╭─ EXCERPTED DATA
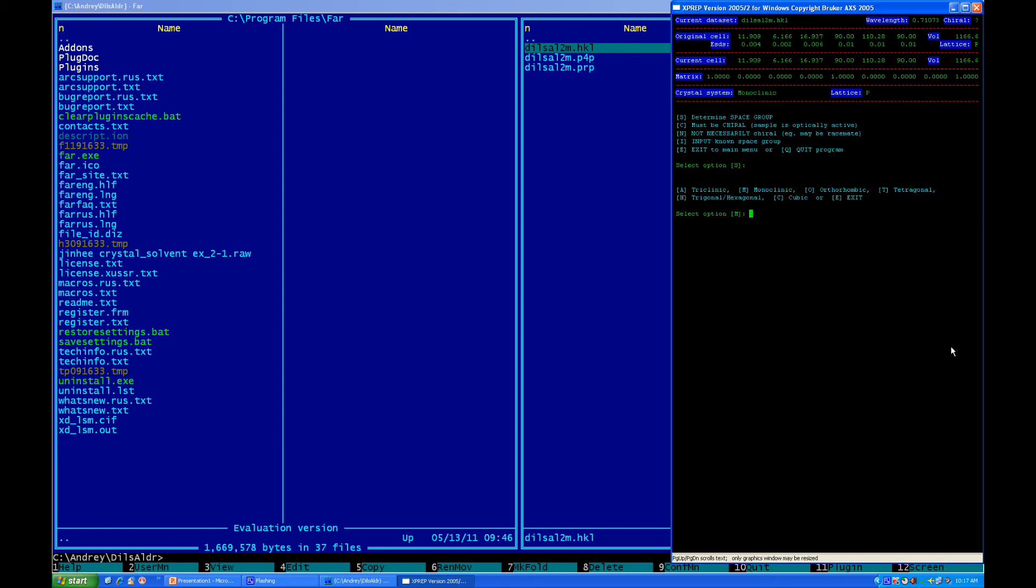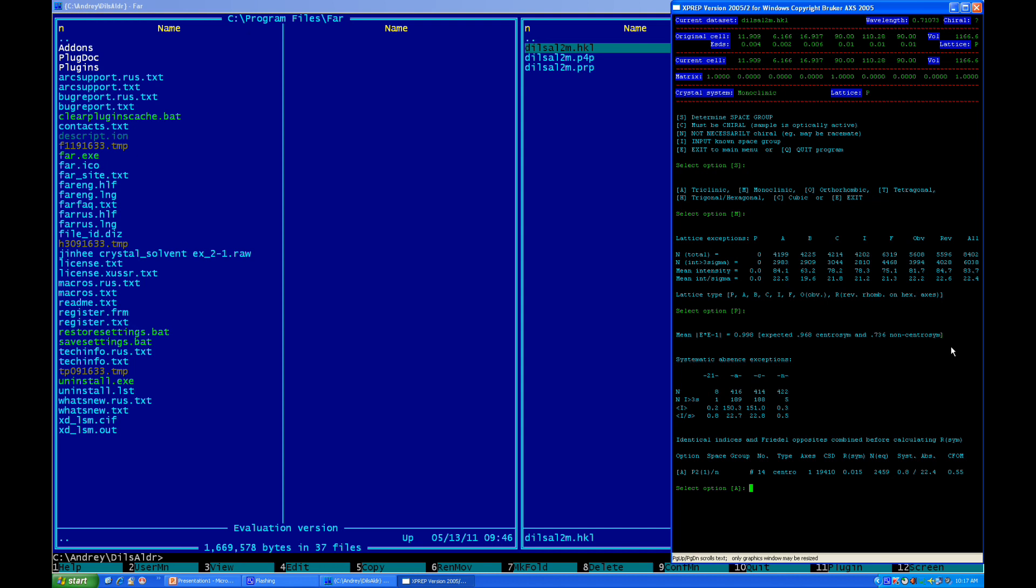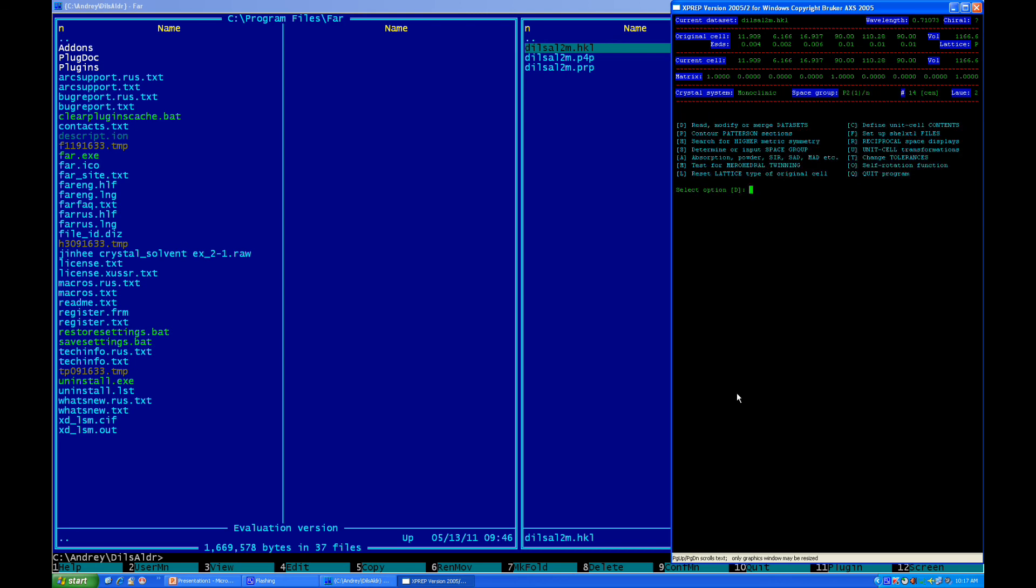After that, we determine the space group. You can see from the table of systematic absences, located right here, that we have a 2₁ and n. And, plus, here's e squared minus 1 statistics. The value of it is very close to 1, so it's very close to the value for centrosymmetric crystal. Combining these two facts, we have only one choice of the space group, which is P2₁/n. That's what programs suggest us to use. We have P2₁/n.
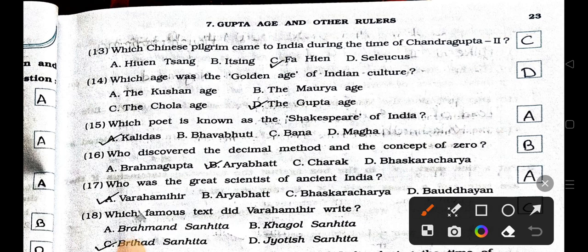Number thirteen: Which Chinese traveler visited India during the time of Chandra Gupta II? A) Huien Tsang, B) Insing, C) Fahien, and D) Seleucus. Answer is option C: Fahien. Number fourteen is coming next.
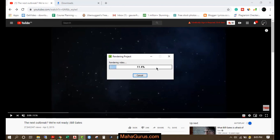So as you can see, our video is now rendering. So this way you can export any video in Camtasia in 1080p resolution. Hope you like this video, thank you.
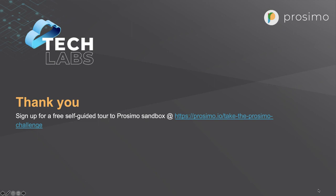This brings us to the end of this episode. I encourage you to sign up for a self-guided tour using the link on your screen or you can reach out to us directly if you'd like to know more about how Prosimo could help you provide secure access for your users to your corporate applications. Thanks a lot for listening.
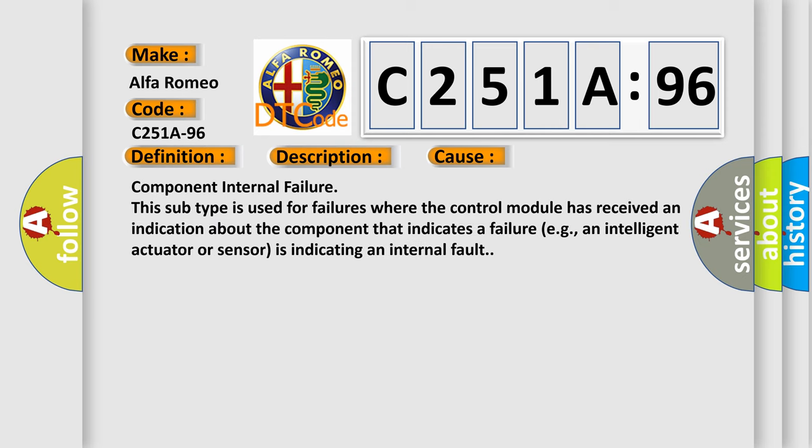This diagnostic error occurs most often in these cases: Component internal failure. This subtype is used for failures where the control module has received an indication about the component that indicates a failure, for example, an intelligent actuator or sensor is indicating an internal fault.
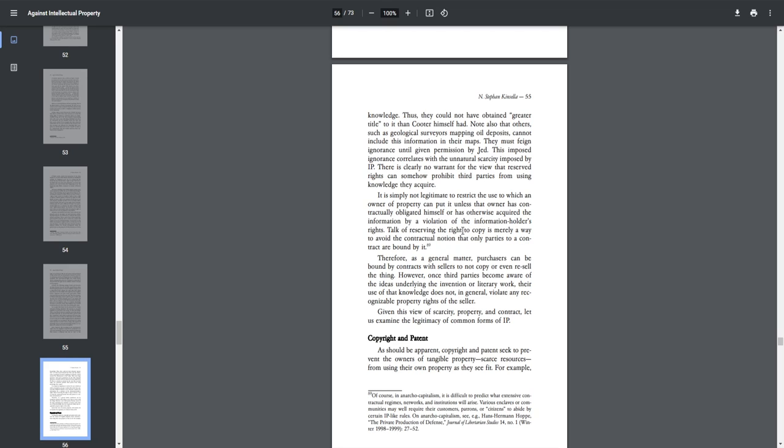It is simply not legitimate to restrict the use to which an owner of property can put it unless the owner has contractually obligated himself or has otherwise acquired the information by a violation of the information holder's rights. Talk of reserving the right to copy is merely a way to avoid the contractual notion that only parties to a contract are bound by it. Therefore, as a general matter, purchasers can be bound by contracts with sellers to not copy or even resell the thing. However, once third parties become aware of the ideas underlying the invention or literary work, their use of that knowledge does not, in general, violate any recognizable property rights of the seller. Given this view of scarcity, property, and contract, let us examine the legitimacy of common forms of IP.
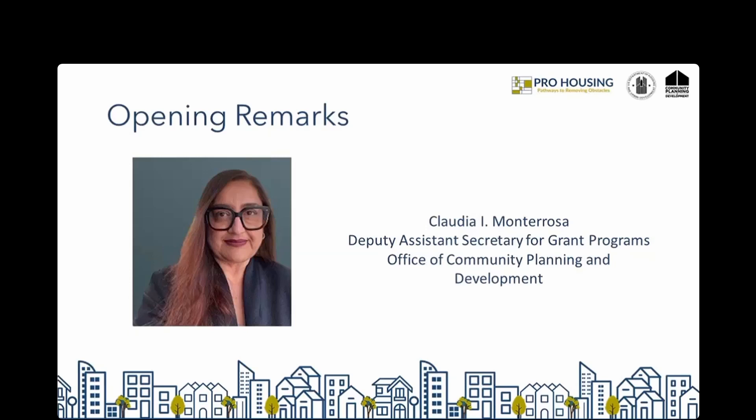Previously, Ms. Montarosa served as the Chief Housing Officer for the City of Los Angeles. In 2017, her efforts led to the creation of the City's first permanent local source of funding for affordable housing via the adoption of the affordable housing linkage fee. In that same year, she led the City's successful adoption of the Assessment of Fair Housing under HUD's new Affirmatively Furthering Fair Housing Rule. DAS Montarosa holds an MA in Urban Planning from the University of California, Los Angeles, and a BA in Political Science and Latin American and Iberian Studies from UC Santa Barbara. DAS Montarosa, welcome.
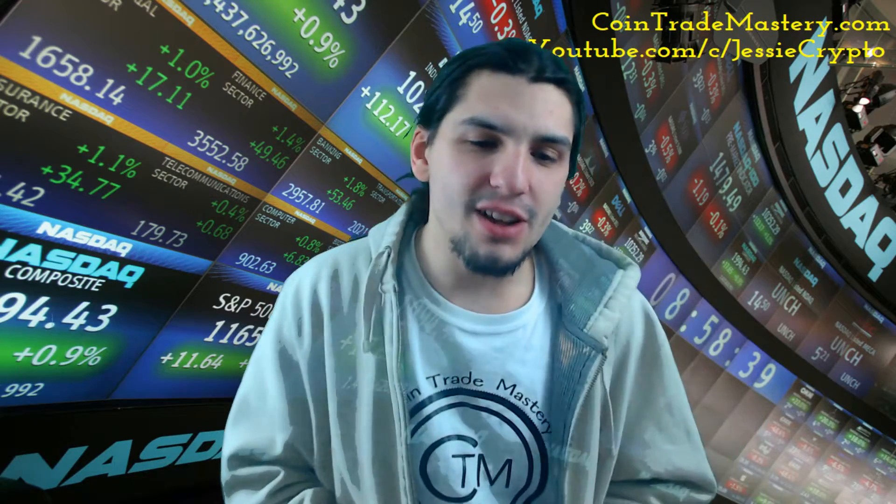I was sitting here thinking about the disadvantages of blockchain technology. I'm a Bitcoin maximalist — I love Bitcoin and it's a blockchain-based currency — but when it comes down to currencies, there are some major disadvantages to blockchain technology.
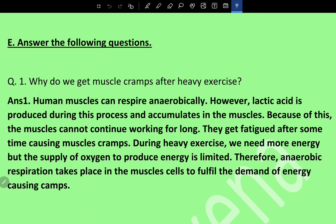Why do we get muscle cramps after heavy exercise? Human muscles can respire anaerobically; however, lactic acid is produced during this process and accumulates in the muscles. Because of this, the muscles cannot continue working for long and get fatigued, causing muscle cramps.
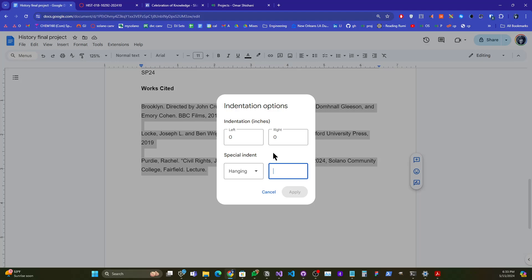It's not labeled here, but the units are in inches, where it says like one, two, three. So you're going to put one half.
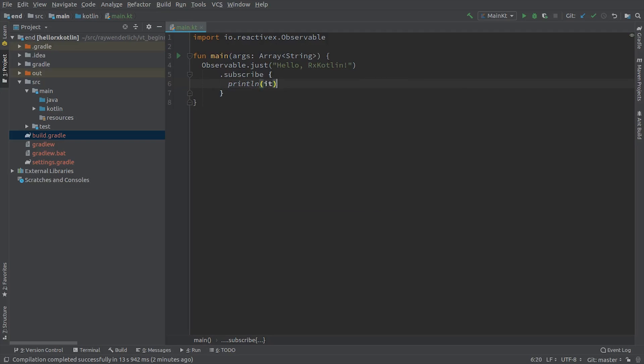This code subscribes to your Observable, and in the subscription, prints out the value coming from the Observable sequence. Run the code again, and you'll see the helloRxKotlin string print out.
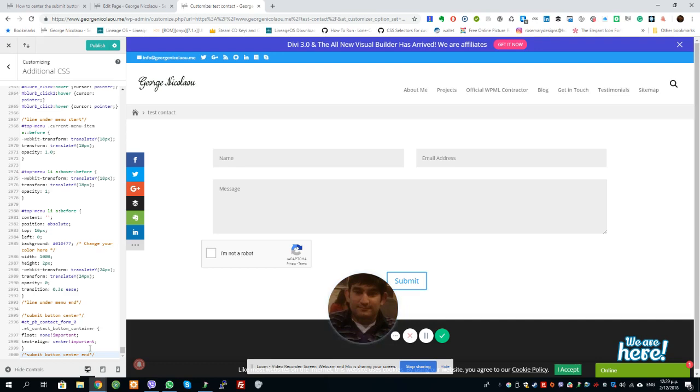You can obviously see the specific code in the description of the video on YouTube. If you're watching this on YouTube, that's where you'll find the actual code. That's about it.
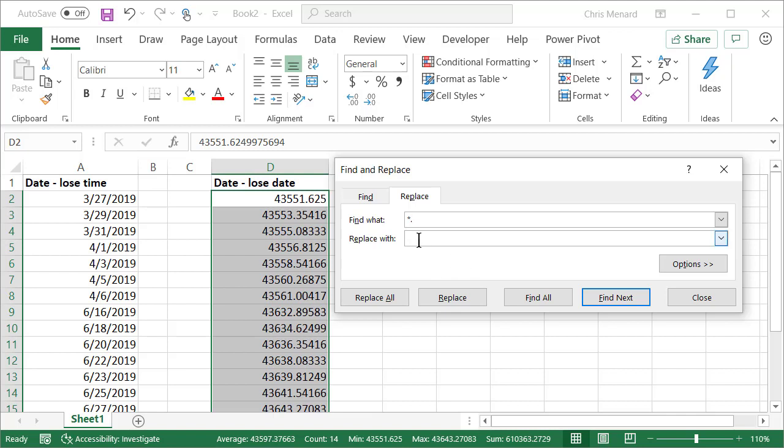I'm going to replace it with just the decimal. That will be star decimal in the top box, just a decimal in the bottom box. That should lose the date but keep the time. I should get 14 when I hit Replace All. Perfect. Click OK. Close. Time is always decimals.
╰─
* _ABOUT THIS EXERCISE_:
Leave out every picture and copy the rest of the records exactly.

* _TASK ANSWER_:
After that, we determine the space group. You can see from the table of systematic absences, located right here, that we have a 2₁ and n. And, plus, here's e squared minus 1 statistics. The value of it is very close to 1, so it's very close to the value for centrosymmetric crystal. Combining these two facts, we have only one choice of the space group, which is P2₁/n. That's what programs suggest us to use. We have P2₁/n.
Number thirteen: Which Chinese traveler visited India during the time of Chandra Gupta II? A) Huien Tsang, B) Insing, C) Fahien, and D) Seleucus. Answer is option C: Fahien. Number fourteen is coming next.
So as you can see, our video is now rendering. So this way you can export any video in Camtasia in 1080p resolution. Hope you like this video, thank you.
This brings us to the end of this episode. I encourage you to sign up for a self-guided tour using the link on your screen or you can reach out to us directly if you'd like to know more about how Prosimo could help you provide secure access for your users to your corporate applications. Thanks a lot for listening.
This diagnostic error occurs most often in these cases: Component internal failure. This subtype is used for failures where the control module has received an indication about the component that indicates a failure, for example, an intelligent actuator or sensor is indicating an internal fault.
It is simply not legitimate to restrict the use to which an owner of property can put it unless the owner has contractually obligated himself or has otherwise acquired the information by a violation of the information holder's rights. Talk of reserving the right to copy is merely a way to avoid the contractual notion that only parties to a contract are bound by it. Therefore, as a general matter, purchasers can be bound by contracts with sellers to not copy or even resell the thing. However, once third parties become aware of the ideas underlying the invention or literary work, their use of that knowledge does not, in general, violate any recognizable property rights of the seller. Given this view of scarcity, property, and contract, let us examine the legitimacy of common forms of IP.
Previously, Ms. Montarosa served as the Chief Housing Officer for the City of Los Angeles. In 2017, her efforts led to the creation of the City's first permanent local source of funding for affordable housing via the adoption of the affordable housing linkage fee. In that same year, she led the City's successful adoption of the Assessment of Fair Housing under HUD's new Affirmatively Furthering Fair Housing Rule. DAS Montarosa holds an MA in Urban Planning from the University of California, Los Angeles, and a BA in Political Science and Latin American and Iberian Studies from UC Santa Barbara. DAS Montarosa, welcome.
I was sitting here thinking about the disadvantages of blockchain technology. I'm a Bitcoin maximalist — I love Bitcoin and it's a blockchain-based currency — but when it comes down to currencies, there are some major disadvantages to blockchain technology.
Why do we get muscle cramps after heavy exercise? Human muscles can respire anaerobically; however, lactic acid is produced during this process and accumulates in the muscles. Because of this, the muscles cannot continue working for long and get fatigued, causing muscle cramps.
It's not labeled here, but the units are in inches, where it says like one, two, three. So you're going to put one half.
This code subscribes to your Observable, and in the subscription, prints out the value coming from the Observable sequence. Run the code again, and you'll see the helloRxKotlin string print out.
You can obviously see the specific code in the description of the video on YouTube. If you're watching this on YouTube, that's where you'll find the actual code. That's about it.
I'm going to replace it with just the decimal. That will be star decimal in the top box, just a decimal in the bottom box. That should lose the date but keep the time. I should get 14 when I hit Replace All. Perfect. Click OK. Close. Time is always decimals.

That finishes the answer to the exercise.